I'm feeling very much seperated, valued, and appreciated. My heart is buoying in a state of perpetual contentedness. My freedom comes from knowing that God is also, chilling out. that's where I am too. But the peace is broken when I'm asked the question "so how are you today?" My response has to be, that my weaknesses are being played against my strengths.

Because even though I'm enjoying God's sabbath day today, and do not need to say or do anything, the urge to give up everything to Him is making me want to make the most of this opportunity by riding the rollercoaster and getting to the end.
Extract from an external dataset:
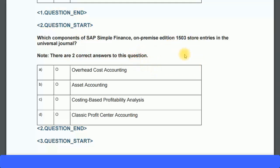Evaluating the options: overhead cost accounting is correct, because it covers cost centers and internal orders stored in the ACDOCA table. Asset accounting is also correct. Costing-based profitability analysis is incorrect — only account-based profitability analysis is stored in the universal journal table. Costing-based COPA is a trick answer designed to confuse you. So the two correct answers are overhead cost accounting and asset accounting.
So, the page turns over and I'm once again asked a question. "What do you mean by 'my weaknesses are played against my strengths'?" I'm really having to take time to answer that question. I'm feeling a delayed reaction when realizing my family, the AW80 school, have left to go on outreach, they are no longer here to be with. Also the enemy is speaking through some words spoken that say "you can't be emotional" So when I heard that, Immediately I went up to the prayer room and started playing the song of the Lord. This one is about how my Savior died upon a cross, and was forsaken of the Father. Because He loves me. That assures me that his emotions are real, and that God is the chief of emotions. You can't seperate emotions from the heart, when it says "love the Lord your God with your heart" it's meaning your emotions. And you can't seperate the mind from the heart either, this is the whole person here, I may as well be leaping with all my might and dancing before the Lord.
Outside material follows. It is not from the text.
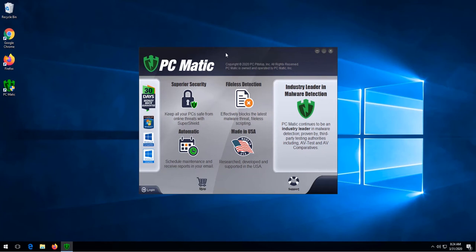Welcome to this lesson on how to activate PCmatic. If you do not have PCmatic open, we can click the icon located here.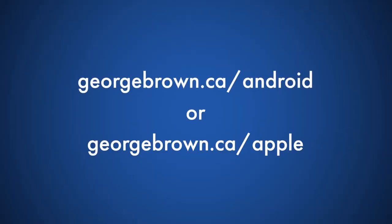To download the Microsoft Authenticator app, go to the Google Play Store for Android users or App Store for iOS.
The weakness is actually where God wants me to be. The hardness of my heart will melt away in the revelation of the Love of God. That of my fear, and other things this is my weakness. But lo, and behold! I am speaking about it! Strength is where your focus is, where your strength is, that will be your focus. I choose to make my strength my heart because God loves me. This strength is something I can't put words to. Because to be a Son of God! that means He loves me!

In 1 Samuel 30 there is also a verse. David exists in compromise for 16 months in Ziklag, a Philistine city. But while he is there is not exactly truthful - fighting the enemies of Judah, but lying to Achish about it. He lives in this compromise. At the end the town where he is staying is burned to the ground and his wives and all the families are taken away captive. 1 Samuel 30:6 says this:
"Now David was greatly distressed, for the people spoke of stoning him, because the soul of all the people was grieved, every man for his sons and his daughters."

Then it goes onto say:
"But David strengthened himself in the LORD his God."

this gives me great confidence because I see that David has made the same his strength.

Yeah, there's the traditional way of looking at it, When He says "Love the LORD your God, with all your strength" it's talking about the doing. But where you put your strength is what you will focus on. The responsibility of answering prayer does not fall on me, the kind of love that God is asking for is volitional love, because my weakness is voluntary, I've decided to love God. And that's the kind of love that God is asking for. volitional - of the will. He loves to love me. Well, the response that i used to believe about strength. I used to be paralyzed in my emotions because I thought I had to show them. But i've been healed of that! why should I act that way any longer? to be talking on this subject is like a miracle, because it's the last thing I ever thought I would be talking on or giving advice for.

This really is the beginning of a far better relationship, where my asking will never weary Him not in a billion years! I realized that even if I don't know what I'm trying to say, God actually knows what I want to say! to Him anyway! He knows what I'm thinking, He has perfect knowledge of me. I don't even need to do anything, because it's his delight to save me. But if I ask, my prayers are heard. What joy that He lives inside me! I'm free to be who I am, and He is free to be who He is. The reason my prayers can be addressed to Him like this, is because I know Him, and I want to know Him. To want to know Him presupposes that I have a relationship with Him. That means that there's no expectation to say anything!

This process of committing the deepest things of my self to Him is what allows Him to break into my situations and give the perfect answers. I look forward to hearing stories of how God with His emotions relate to you and you relate to Him with his emotions.